The west coast of Florida regional office for Cbiz, a financial services and benefits and insurance company, was having a stellar year — up until the coronavirus pandemic. “The economy was going fantastic, and then it was like the ripcord was pulled out,” Florida West Coast Cbiz President Keith Mercier says, echoing the thoughts of many other executives and entrepreneurs.
The flipside is Cbiz, in the first month of the pandemic at least, is busier than ever — not in closing deals or adding clients but in a form of insurance triage. “We are getting a ton of questions, and sometimes the answer is we don’t know,” Executive Vice President Patrick Wright says. “It’s like the Wild West out there right now.”
One of the main issues up on the air is business interruption insurance. Although nearly every business has been interrupted in some way due to the impact of COVID-19, interruption insurance traditionally covers total shutdowns caused by a natural disasters. Mercier says he will file business interruption insurance for clients but believes, short of state legislation changes, it’s a long shot for many policyholders.
In the meantime, the Cbiz team have contacted every client, with the goal of helping them lower insurance premiums in real-time.

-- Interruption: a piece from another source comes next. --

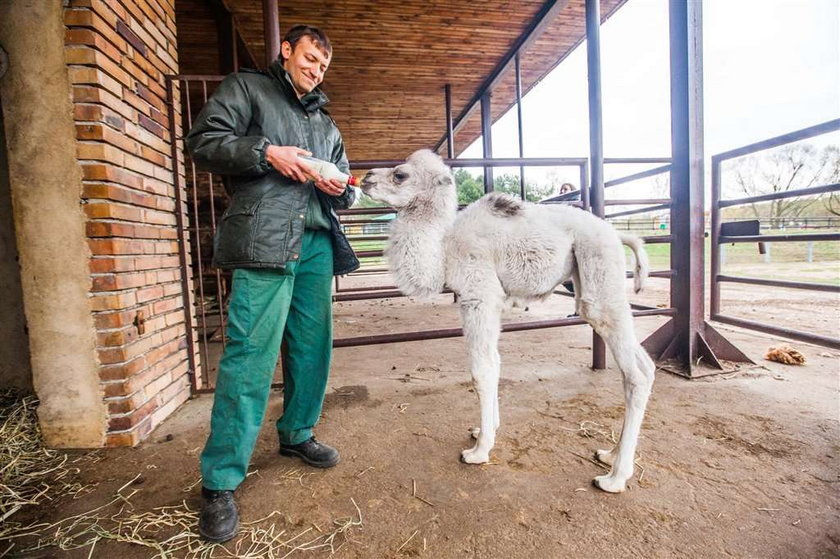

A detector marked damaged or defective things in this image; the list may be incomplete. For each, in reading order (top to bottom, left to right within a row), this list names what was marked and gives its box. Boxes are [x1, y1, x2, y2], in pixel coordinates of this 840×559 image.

rusty metal frame [708, 119, 840, 350] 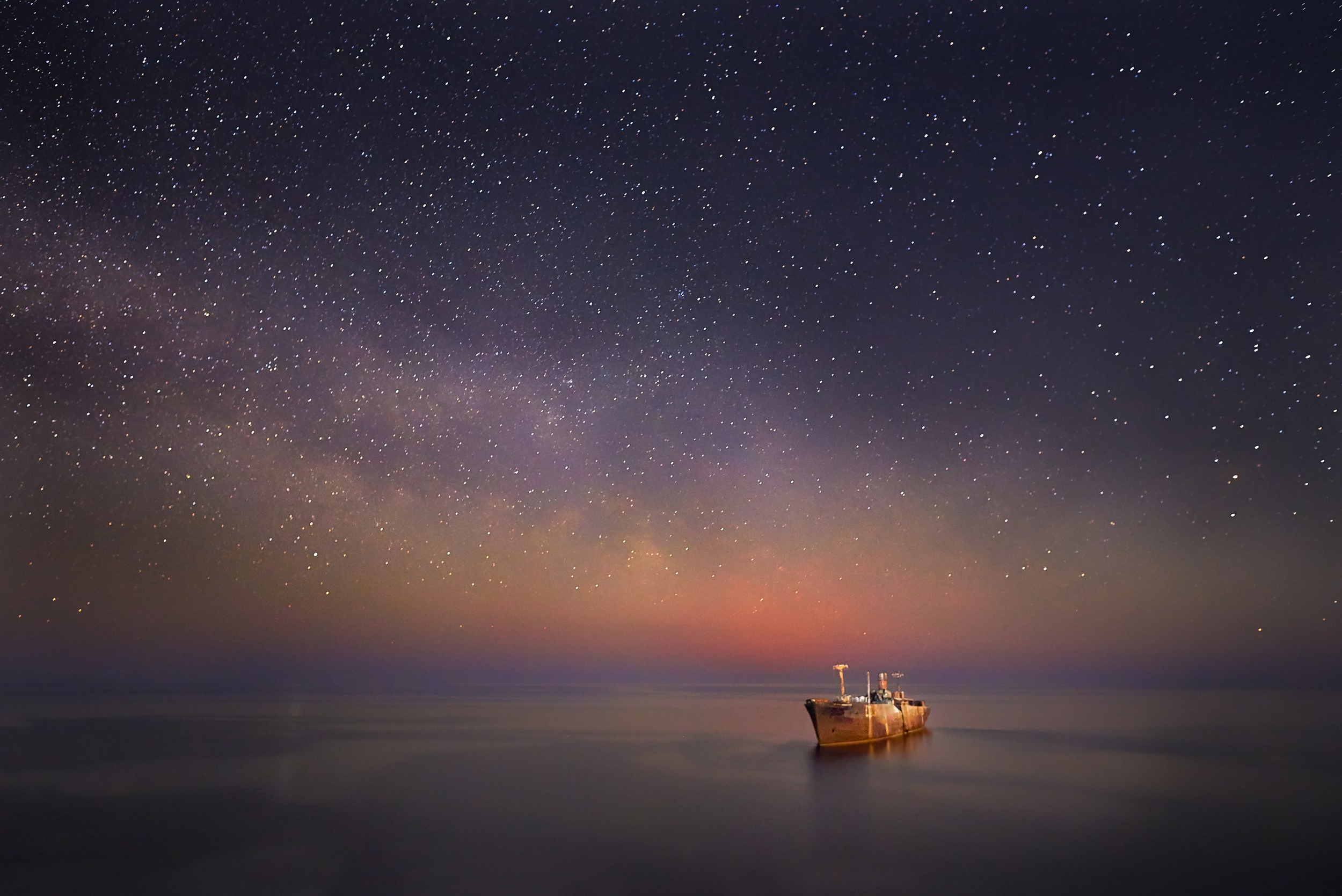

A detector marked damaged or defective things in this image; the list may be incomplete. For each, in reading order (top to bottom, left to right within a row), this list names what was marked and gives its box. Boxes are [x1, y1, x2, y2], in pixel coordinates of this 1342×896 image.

Suggestions include:
• Exposure review: Because many insurance policies are rated on annual revenues and payroll, an important step is to lower the payroll and revenue figures now. “The carrier will adjust your billing, thus lowering your premium until the economy rebounds and you can adjust those figures back up,” the firm wrote in an email to clients. “This move will help your cash flow position now.”

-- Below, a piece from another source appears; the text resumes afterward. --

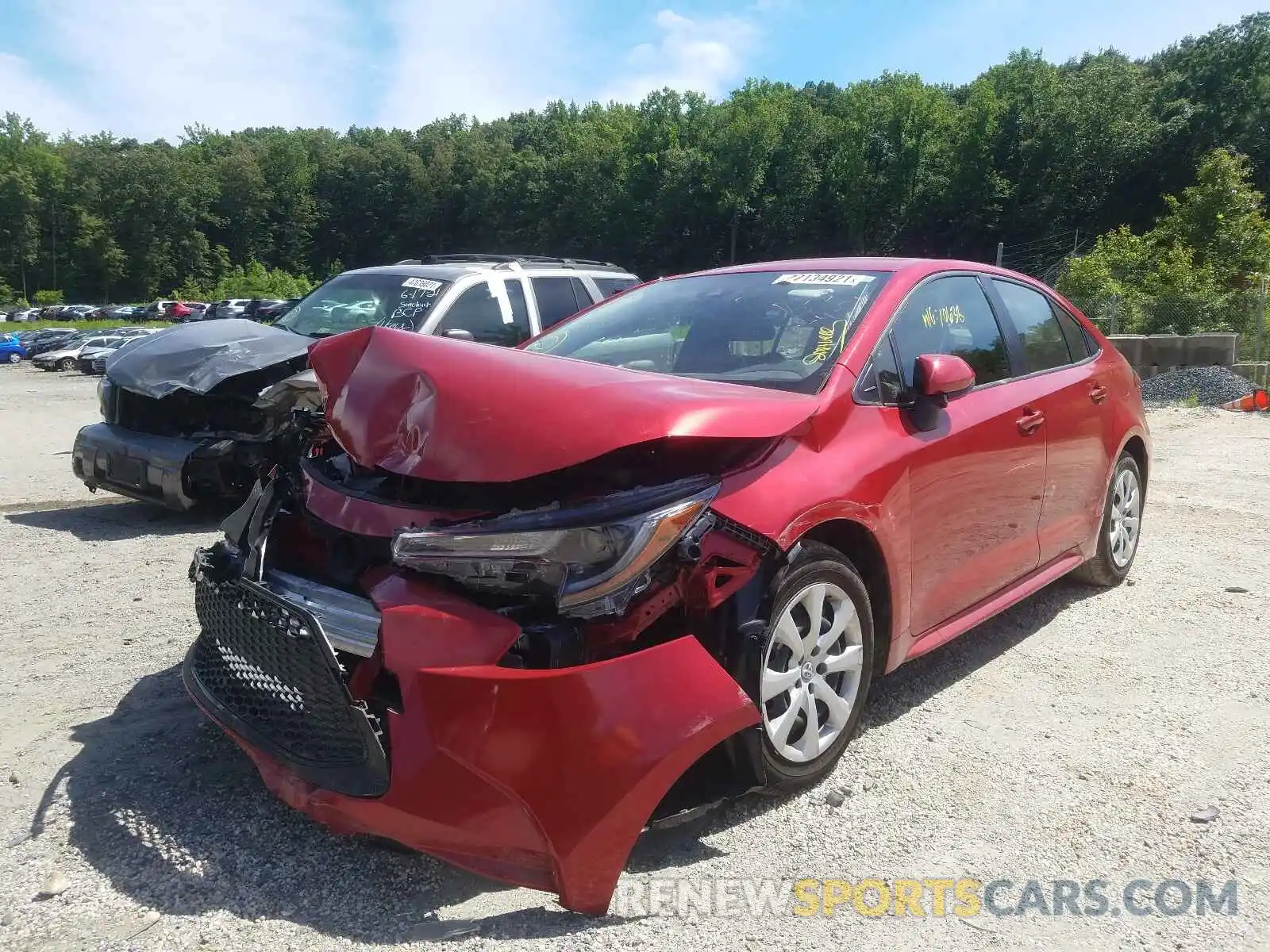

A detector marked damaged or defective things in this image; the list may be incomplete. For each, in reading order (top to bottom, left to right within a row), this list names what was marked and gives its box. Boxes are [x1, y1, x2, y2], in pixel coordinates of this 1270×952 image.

• Coverage changes: Businesses that have altered business models should review current coverage provisions. “For example, if you are now offering delivery, or your employees are working from home, you would want to have hired and non-owned automobile coverage listed on your policy,” Mercier writes. “This coverage extends automobile liability to autos that are driven by your employees on behalf of your business.”
Other suggestions include speaking with employees about being vigilant about cyber scams — they are on the rise in the pandemic — and a thorough compliance review in lieu of new legislation to help businesses.
For everything else, Mercier and Wright are like most other executives, navigating the crisis day-by-day. “Everyone is trying to predict what’s going to happen,” Mercier says, “and the only thing the crystal ball shows is it’s cloudy.”